- ABOUT THIS EXERCISE: An exact, complete copy of the lines below is the expected answer.
:::::
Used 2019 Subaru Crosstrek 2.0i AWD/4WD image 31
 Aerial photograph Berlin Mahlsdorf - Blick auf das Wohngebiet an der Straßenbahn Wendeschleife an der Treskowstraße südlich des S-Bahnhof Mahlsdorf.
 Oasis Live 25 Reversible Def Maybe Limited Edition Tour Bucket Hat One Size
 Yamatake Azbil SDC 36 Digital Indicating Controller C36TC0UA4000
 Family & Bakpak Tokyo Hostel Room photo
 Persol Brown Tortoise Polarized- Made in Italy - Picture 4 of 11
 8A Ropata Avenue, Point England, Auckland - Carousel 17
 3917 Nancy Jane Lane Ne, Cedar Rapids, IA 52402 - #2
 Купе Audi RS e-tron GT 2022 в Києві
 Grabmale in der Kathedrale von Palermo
:::::
- COMPLETED EXERCISE:
Used 2019 Subaru Crosstrek 2.0i AWD/4WD image 31
 Aerial photograph Berlin Mahlsdorf - Blick auf das Wohngebiet an der Straßenbahn Wendeschleife an der Treskowstraße südlich des S-Bahnhof Mahlsdorf.
 Oasis Live 25 Reversible Def Maybe Limited Edition Tour Bucket Hat One Size
 Yamatake Azbil SDC 36 Digital Indicating Controller C36TC0UA4000
 Family & Bakpak Tokyo Hostel Room photo
 Persol Brown Tortoise Polarized- Made in Italy - Picture 4 of 11
 8A Ropata Avenue, Point England, Auckland - Carousel 17
 3917 Nancy Jane Lane Ne, Cedar Rapids, IA 52402 - #2
 Купе Audi RS e-tron GT 2022 в Києві
 Grabmale in der Kathedrale von Palermo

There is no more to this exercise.